[v2,1/5] app/testpmd: clock gettime call in throughput calculation

Message ID 20200626220943.22526-1-honnappa.nagarahalli@arm.com (mailing list archive)
State Superseded, archived
Delegated to: Ferruh Yigit
Headers
Series [v2,1/5] app/testpmd: clock gettime call in throughput calculation |

Checks

Context Check Description
ci/checkpatch success coding style OK
ci/iol-broadcom-Performance success Performance Testing PASS
ci/iol-intel-Performance success Performance Testing PASS
ci/iol-nxp-Performance success Performance Testing PASS
ci/iol-mellanox-Performance success Performance Testing PASS
ci/Intel-compilation success Compilation OK
ci/iol-testing success Testing PASS

Commit Message

Honnappa Nagarahalli June 26, 2020, 10:09 p.m. UTC
  The throughput calculation requires a counter that measures
passing of time. However, the kernel saves and restores the PMU
state when a thread is unscheduled and scheduled. This ensures
that the PMU cycles are not counted towards a thread that is
not scheduled. Hence, when RTE_ARM_EAL_RDTSC_USE_PMU is enabled,
the PMU cycles do not represent the passing of time.
This results in incorrect calculation of throughput numbers.
Use clock_gettime system call to calculate the time passed since
last call.

Bugzilla ID: 450
Fixes: 0e106980301d ("app/testpmd: show throughput in port stats")
Cc: zhihong.wang@intel.com
Cc: stable@dpdk.org

Signed-off-by: Honnappa Nagarahalli <honnappa.nagarahalli@arm.com>
Reviewed-by: Phil Yang <phil.yang@arm.com>
Reviewed-by: Ruifeng Wang <ruifeng.wang@arm.com>
Tested-by: Phil Yang <phil.yang@arm.com>
Tested-by: Ali Alnubani <alialnu@mellanox.com>
---
v2: Updated commit log in 1/5 (Jerin)

 app/test-pmd/config.c | 44 +++++++++++++++++++++++++++++--------------
 1 file changed, 30 insertions(+), 14 deletions(-)
  

Comments

Ferruh Yigit July 6, 2020, 3:36 p.m. UTC | #1
On 6/26/2020 11:09 PM, Honnappa Nagarahalli wrote:
> The throughput calculation requires a counter that measures
> passing of time. However, the kernel saves and restores the PMU
> state when a thread is unscheduled and scheduled. This ensures
> that the PMU cycles are not counted towards a thread that is
> not scheduled. Hence, when RTE_ARM_EAL_RDTSC_USE_PMU is enabled,
> the PMU cycles do not represent the passing of time.
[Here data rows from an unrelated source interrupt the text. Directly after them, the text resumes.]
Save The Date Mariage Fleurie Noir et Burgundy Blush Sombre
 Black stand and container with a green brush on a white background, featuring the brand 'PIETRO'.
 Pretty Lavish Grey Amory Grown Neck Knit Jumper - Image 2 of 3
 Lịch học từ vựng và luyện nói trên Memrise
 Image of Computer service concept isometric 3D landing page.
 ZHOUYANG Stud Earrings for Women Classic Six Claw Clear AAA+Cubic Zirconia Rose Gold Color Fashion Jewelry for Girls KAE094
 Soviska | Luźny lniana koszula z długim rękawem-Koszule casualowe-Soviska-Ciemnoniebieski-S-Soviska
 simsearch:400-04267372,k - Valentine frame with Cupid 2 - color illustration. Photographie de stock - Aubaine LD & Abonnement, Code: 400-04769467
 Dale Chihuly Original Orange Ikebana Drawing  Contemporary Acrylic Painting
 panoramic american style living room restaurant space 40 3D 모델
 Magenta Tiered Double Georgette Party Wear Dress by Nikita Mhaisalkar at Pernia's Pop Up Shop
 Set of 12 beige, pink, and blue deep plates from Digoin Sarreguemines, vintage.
Does this mean 'rte_rdtsc()' is broken for Arm?
Wouldn't it cause more serious issue than testpmd throughput stats?

> This results in incorrect calculation of throughput numbers.
> Use clock_gettime system call to calculate the time passed since
> last call.
> 
> Bugzilla ID: 450
> Fixes: 0e106980301d ("app/testpmd: show throughput in port stats")
> Cc: zhihong.wang@intel.com
> Cc: stable@dpdk.org
> 
> Signed-off-by: Honnappa Nagarahalli <honnappa.nagarahalli@arm.com>
> Reviewed-by: Phil Yang <phil.yang@arm.com>
> Reviewed-by: Ruifeng Wang <ruifeng.wang@arm.com>
> Tested-by: Phil Yang <phil.yang@arm.com>
> Tested-by: Ali Alnubani <alialnu@mellanox.com>

<...>

> @@ -195,10 +204,17 @@ nic_stats_display(portid_t port_id)
>  		}
>  	}
>  
> -	diff_cycles = prev_cycles[port_id];
> -	prev_cycles[port_id] = rte_rdtsc();
> -	if (diff_cycles > 0)
> -		diff_cycles = prev_cycles[port_id] - diff_cycles;
> +	diff_ns = 0;
> +	if (clock_gettime(CLOCK_TYPE_ID, &cur_time) == 0) {

I guess 'rte_rdtsc()' is faster, but since this is not in the data path, I think
it is OK.

<...>

> @@ -217,10 +233,10 @@ nic_stats_display(portid_t port_id)
>  		(stats.obytes - prev_bytes_tx[port_id]) : 0;
>  	prev_bytes_rx[port_id] = stats.ibytes;
>  	prev_bytes_tx[port_id] = stats.obytes;
> -	mbps_rx = diff_cycles > 0 ?
> -		diff_bytes_rx * rte_get_tsc_hz() / diff_cycles : 0;
> -	mbps_tx = diff_cycles > 0 ?
> -		diff_bytes_tx * rte_get_tsc_hz() / diff_cycles : 0;
> +	mbps_rx = diff_ns > 0 ?
> +		(double)diff_bytes_rx / diff_ns * NS_PER_SEC : 0;
> +	mbps_tx = diff_ns > 0 ?
> +		(double)diff_bytes_tx / diff_ns * NS_PER_SEC : 0;

The calculation also fixes other issue in the stats.
With previous method, if the sampling between two stats is a little long,
"diff_pkts_rx * rte_get_tsc_hz()" can overflow and produce wrong 'bps'.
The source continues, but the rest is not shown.